Judging by the pose in the image, you may feel as though it’s the upper body that’s mostly getting flexed here, but it’s actually fantastic for the lower body too.
This is particularly true for the outerpoints of your thighs, which are being passively stretched whilst performing this pose. You’re going to be twisting and contorting your body slightly with this pose, so as always make sure to go at your own pace and what feels comfortable.
- In order to get started with cow face pose, you’re going to want to sit in a comfortable cross legged position on the floor.
- After you’ve done this, you’re going to want to bring your foot up toward it so that it reaches your left thigh. Make sure that your right leg is pointing upward whilst you do this to make things easier.
- You can then put your left foot to the outside region of your right buttock area.
- At this point, you’re going to want to take a deep breath inwards, bringing both of your arms upwards so that they’re twisting to your right side, eventually placing your right hand on the floor beneath you. Follow on from this by putting your left elbow on your right knee, on the outside region.
- Use your left hand then to press down on the surface of the ground, and turn your head so that you’re looking right.
- You’ll then want to take some deep breaths in and out, and as you do so, make sure that you’re lengthening your spine as much as you can with each inhalation.

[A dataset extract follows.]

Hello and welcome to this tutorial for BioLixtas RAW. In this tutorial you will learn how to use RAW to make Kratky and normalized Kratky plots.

- You’re going to want to repeat this process for approximately ten sets, taking deep breaths in and out each time. Finally, after you’ve done this, you can then go ahead and repeat it once more on the other side.
4. Eye Of The Needle
Chances are that if you’ve dabbled in yoga at all in the past, that you’ve come across this popular pose. This one is called the eye of the needle, and it’s a great beginner friendly pose that can help to improve your flexibility.

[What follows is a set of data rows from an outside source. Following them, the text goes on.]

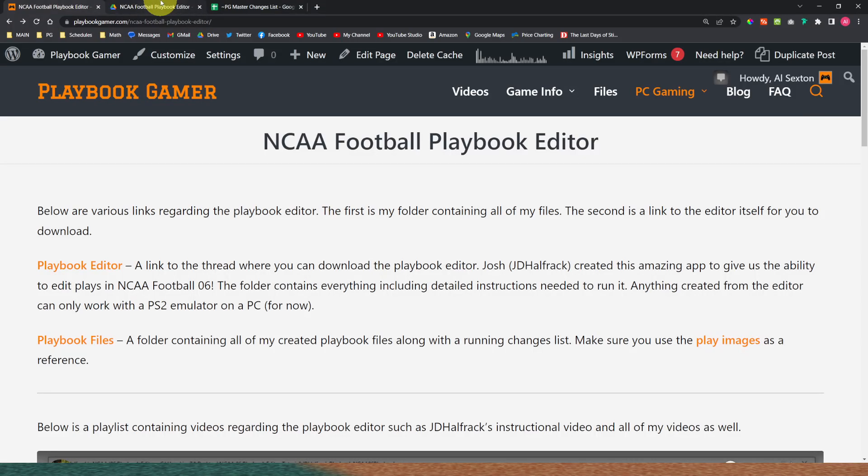What's going on everybody? This is Al from PlaybookGamber.com and today I'm excited to announce the release of version 4 of my master playbook file for NCAA Football 06. This video is going to do a quick rundown of some of the formations and plays that were updated for version 4 along with how to access all these files.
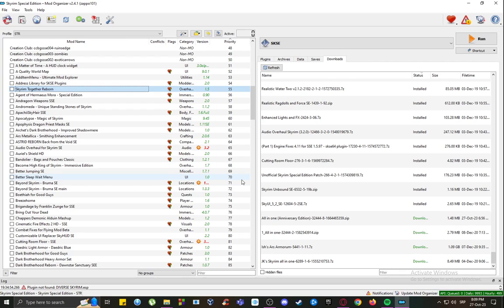First of all, what you're going to want to do is download the Skyrim Together Reborn mod for Skyrim Special Edition and Anniversary Edition. Along with it, you need to download the address library, which is a requirement for this mod.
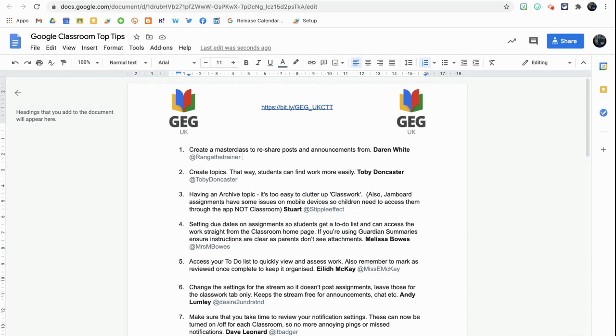Hello and thanks for joining me here on my channel today. We're going to be looking at some of the new features within Google Docs, and in particular mentioning a user directly within a Google document.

This one in particular is fantastic for your lower hip regions, and can help you to achieve more flexibility in this particular area.
As you go along with this pose, over time, you’ll be able to conduct deeper stretches.

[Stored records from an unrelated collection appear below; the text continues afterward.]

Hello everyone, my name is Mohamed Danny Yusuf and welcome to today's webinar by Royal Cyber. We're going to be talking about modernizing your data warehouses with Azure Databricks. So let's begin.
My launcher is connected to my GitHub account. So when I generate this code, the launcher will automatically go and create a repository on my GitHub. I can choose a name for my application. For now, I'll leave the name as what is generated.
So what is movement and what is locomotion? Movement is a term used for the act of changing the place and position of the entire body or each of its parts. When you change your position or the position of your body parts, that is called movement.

- To get started with this pose, you’re going to want to lie comfortably on your back, with your knees both bent. Make sure that your feet are both placed firmly on the ground.
- After you’ve done this, you can go ahead and place your right ankle on top of the opposite thigh, so that it’s slightly opened. After you’ve done this, you can then start bringing your left foot off of the surface of the floor, bringing your thigh on this side up to the surface of your chest.
- Follow on from this by bringing your knees as close as you can to your chest region. If this isn’t very far, don’t worry, your flexibility with this pose will increase over time.
- Reach your hand so that it’s moving through that region between your legs, and grab on to your left thigh.
- Bring your left knee even closer towards your chest region.
- Do all of this for approximately 5 to ten breaths, then you can go ahead and repeat the whole process with the other leg.
To sum up, there are a whole bunch of yoga poses out there that can help you to achieve a healthier lifestyle through flexibility.
We would however, like to recommend that if you are a beginner, that you get started out with some of the poses listed above, rather than trying more of the advanced ones first, which can result in injury.
In addition to this, make sure that you’re taking each of these poses listed above at your own face, and that you’re not pushing your body too hard too quickly. We hope that you found this article helpful.